C: 32 bits, 0x25609513, magic (`NBD_REQUEST_MAGIC`)  
C: 16 bits, command flags  
C: 16 bits, type  
C: 64 bits, handle  
C: 32 bits, offset (unsigned)  
C: 32 bits, length (unsigned)  
C: (*length* bytes of data if the request is of type `NBD_CMD_WRITE`)

The server replies with:

S: 32 bits, 0x67446698, magic (`NBD_REPLY_MAGIC`)  
S: 32 bits, error  
S: 64 bits, handle  
S: (*length* bytes of data if the request is of type `NBD_CMD_READ`)

Replies need not be sent in the same order as requests (i.e., requests
may be handled by the server asynchronously).

## Values

This section describes the value and meaning of constants (other than
magic numbers) in the protocol.

When flags fields are specified, they are numbered in network byte
order.

### Handshake phase

#### Flag fields

##### Global flags

This field of 16 bits is sent by the server after the `INIT_PASSWD` and
the first magic number.

- bit 0, `NBD_FLAG_FIXED_NEWSTYLE`; should be set by servers that
  support the fixed newstyle protocol
- bit 1, `NBD_FLAG_NO_ZEROES`; if set, and if the client replies with
  `NBD_FLAG_C_NO_ZEROES` in the client flags field, the server MUST NOT
  send the 124 bytes of zero at the end of the negotiation.

##### Export flags

This field of 16 bits is sent by the server after option haggling, or
immediately after the global flags field in oldstyle negotiation:

- bit 0, `NBD_FLAG_HAS_FLAGS`; should always be 1
- bit 1, `NBD_FLAG_READ_ONLY`; should be set to 1 if the export is
  read-only
- bit 2, `NBD_FLAG_SEND_FLUSH`; should be set to 1 if the server
  supports `NBD_CMD_FLUSH` commands
- bit 3, `NBD_FLAG_SEND_FUA`; should be set to 1 if the server supports
  the `NBD_CMD_FLAG_FUA` flag
- bit 4, `NBD_FLAG_ROTATIONAL`; should be set to 1 to let the client
  schedule I/O accesses as for a rotational medium
- bit 5, `NBD_FLAG_SEND_TRIM`; should be set to 1 if the server supports
  `NBD_CMD_TRIM` commands

##### Client flags

This field of 32 bits is sent after initial connection and after
receiving the global flags from the server.

- bit 0, `NBD_FLAG_C_FIXED_NEWSTYLE`; SHOULD be set by clients that
  support the fixed newstyle protocol.

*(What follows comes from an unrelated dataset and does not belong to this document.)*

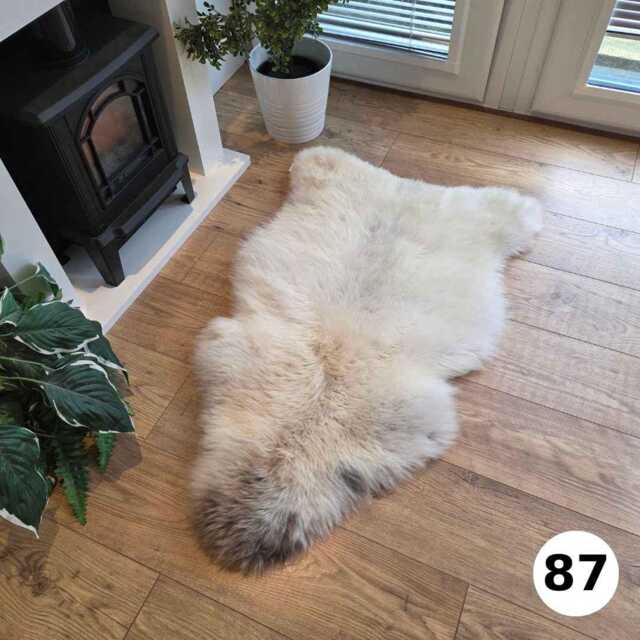 100% British Undyed Rare Breed Sheepskin Rug - 87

Servers MAY choose to honour
  fixed newstyle from clients that didn't set this bit, but relying on
  this isn't recommended.
- bit 1, `NBD_FLAG_C_NO_ZEROES`; MUST NOT be set if the server did not
  set `NBD_FLAG_NO_ZEROES`. If set, the server MUST NOT send the 124
  bytes of zeroes at the end of the negotiation.

#### Option types

These values are used in the "option" field during the option haggling
of the newstyle negotiation.

- `NBD_OPT_EXPORT_NAME` (1)

    Choose the export which the client would like to use, end option
    haggling, and proceed to the transmission phase. Data: name of the
    export, free-form UTF8 text (subject to limitations by server
    implementation). If the chosen export does not exist or requirements
    for the chosen export are not met (e.g., the client did not
    negotiate TLS for an export where the server requires it), the
    server should close the connection.

    A special, "empty", name (i.e., the length field is zero and no name
    is specified), is reserved for a "default" export, to be used in cases
    where explicitly specifying an export name makes no sense.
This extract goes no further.